◆ **TASK TO COMPLETE**
Word for word, copy the entire listing.

◆ **DATA FOR REVIEW**
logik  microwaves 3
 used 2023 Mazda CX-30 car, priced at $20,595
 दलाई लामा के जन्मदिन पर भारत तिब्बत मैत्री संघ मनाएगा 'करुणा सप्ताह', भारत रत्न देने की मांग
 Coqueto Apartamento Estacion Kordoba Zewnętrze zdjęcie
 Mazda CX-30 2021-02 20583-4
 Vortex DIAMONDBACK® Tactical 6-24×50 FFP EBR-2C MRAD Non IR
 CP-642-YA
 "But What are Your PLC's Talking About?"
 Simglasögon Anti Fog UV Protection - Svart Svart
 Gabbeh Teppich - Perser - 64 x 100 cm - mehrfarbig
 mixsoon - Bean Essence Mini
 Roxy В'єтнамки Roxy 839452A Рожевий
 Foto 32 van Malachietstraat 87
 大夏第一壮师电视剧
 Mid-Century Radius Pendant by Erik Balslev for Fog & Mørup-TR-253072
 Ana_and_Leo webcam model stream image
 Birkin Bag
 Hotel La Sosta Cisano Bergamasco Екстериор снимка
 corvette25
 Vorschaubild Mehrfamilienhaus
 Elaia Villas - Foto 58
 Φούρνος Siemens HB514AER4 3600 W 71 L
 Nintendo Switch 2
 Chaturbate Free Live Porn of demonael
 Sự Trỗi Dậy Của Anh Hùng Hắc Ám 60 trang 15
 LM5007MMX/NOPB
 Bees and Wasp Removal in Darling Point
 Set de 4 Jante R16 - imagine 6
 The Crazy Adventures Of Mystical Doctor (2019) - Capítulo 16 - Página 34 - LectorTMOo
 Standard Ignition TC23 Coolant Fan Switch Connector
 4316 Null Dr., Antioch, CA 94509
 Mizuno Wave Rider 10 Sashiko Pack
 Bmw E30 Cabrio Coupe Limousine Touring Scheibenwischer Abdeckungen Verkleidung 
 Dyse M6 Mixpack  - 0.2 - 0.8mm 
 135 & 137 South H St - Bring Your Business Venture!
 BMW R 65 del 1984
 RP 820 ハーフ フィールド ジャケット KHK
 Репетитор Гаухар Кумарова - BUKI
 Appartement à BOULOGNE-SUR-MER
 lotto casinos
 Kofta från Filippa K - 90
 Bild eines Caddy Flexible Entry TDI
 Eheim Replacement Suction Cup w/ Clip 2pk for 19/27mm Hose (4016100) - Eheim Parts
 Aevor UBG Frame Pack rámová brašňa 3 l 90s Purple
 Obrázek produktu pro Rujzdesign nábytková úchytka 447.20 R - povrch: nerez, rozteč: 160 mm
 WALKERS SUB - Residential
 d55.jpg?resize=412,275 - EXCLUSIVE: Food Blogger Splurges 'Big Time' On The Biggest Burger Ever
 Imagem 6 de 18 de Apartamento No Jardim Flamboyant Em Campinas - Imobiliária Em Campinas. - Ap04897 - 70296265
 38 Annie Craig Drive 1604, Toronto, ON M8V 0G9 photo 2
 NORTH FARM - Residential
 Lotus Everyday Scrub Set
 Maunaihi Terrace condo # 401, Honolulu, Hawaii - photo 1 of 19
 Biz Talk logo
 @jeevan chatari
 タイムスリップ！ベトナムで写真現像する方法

◆ **EXPECTED ANSWER**
logik  microwaves 3
 used 2023 Mazda CX-30 car, priced at $20,595
 दलाई लामा के जन्मदिन पर भारत तिब्बत मैत्री संघ मनाएगा 'करुणा सप्ताह', भारत रत्न देने की मांग
 Coqueto Apartamento Estacion Kordoba Zewnętrze zdjęcie
 Mazda CX-30 2021-02 20583-4
 Vortex DIAMONDBACK® Tactical 6-24×50 FFP EBR-2C MRAD Non IR
 CP-642-YA
 "But What are Your PLC's Talking About?"
 Simglasögon Anti Fog UV Protection - Svart Svart
 Gabbeh Teppich - Perser - 64 x 100 cm - mehrfarbig
 mixsoon - Bean Essence Mini
 Roxy В'єтнамки Roxy 839452A Рожевий
 Foto 32 van Malachietstraat 87
 大夏第一壮师电视剧
 Mid-Century Radius Pendant by Erik Balslev for Fog & Mørup-TR-253072
 Ana_and_Leo webcam model stream image
 Birkin Bag
 Hotel La Sosta Cisano Bergamasco Екстериор снимка
 corvette25
 Vorschaubild Mehrfamilienhaus
 Elaia Villas - Foto 58
 Φούρνος Siemens HB514AER4 3600 W 71 L
 Nintendo Switch 2
 Chaturbate Free Live Porn of demonael
 Sự Trỗi Dậy Của Anh Hùng Hắc Ám 60 trang 15
 LM5007MMX/NOPB
 Bees and Wasp Removal in Darling Point
 Set de 4 Jante R16 - imagine 6
 The Crazy Adventures Of Mystical Doctor (2019) - Capítulo 16 - Página 34 - LectorTMOo
 Standard Ignition TC23 Coolant Fan Switch Connector
 4316 Null Dr., Antioch, CA 94509
 Mizuno Wave Rider 10 Sashiko Pack
 Bmw E30 Cabrio Coupe Limousine Touring Scheibenwischer Abdeckungen Verkleidung 
 Dyse M6 Mixpack  - 0.2 - 0.8mm 
 135 & 137 South H St - Bring Your Business Venture!
 BMW R 65 del 1984
 RP 820 ハーフ フィールド ジャケット KHK
 Репетитор Гаухар Кумарова - BUKI
 Appartement à BOULOGNE-SUR-MER
 lotto casinos
 Kofta från Filippa K - 90
 Bild eines Caddy Flexible Entry TDI
 Eheim Replacement Suction Cup w/ Clip 2pk for 19/27mm Hose (4016100) - Eheim Parts
 Aevor UBG Frame Pack rámová brašňa 3 l 90s Purple
 Obrázek produktu pro Rujzdesign nábytková úchytka 447.20 R - povrch: nerez, rozteč: 160 mm
 WALKERS SUB - Residential
 d55.jpg?resize=412,275 - EXCLUSIVE: Food Blogger Splurges 'Big Time' On The Biggest Burger Ever
 Imagem 6 de 18 de Apartamento No Jardim Flamboyant Em Campinas - Imobiliária Em Campinas. - Ap04897 - 70296265
 38 Annie Craig Drive 1604, Toronto, ON M8V 0G9 photo 2
 NORTH FARM - Residential
 Lotus Everyday Scrub Set
 Maunaihi Terrace condo # 401, Honolulu, Hawaii - photo 1 of 19
 Biz Talk logo
 @jeevan chatari
 タイムスリップ！ベトナムで写真現像する方法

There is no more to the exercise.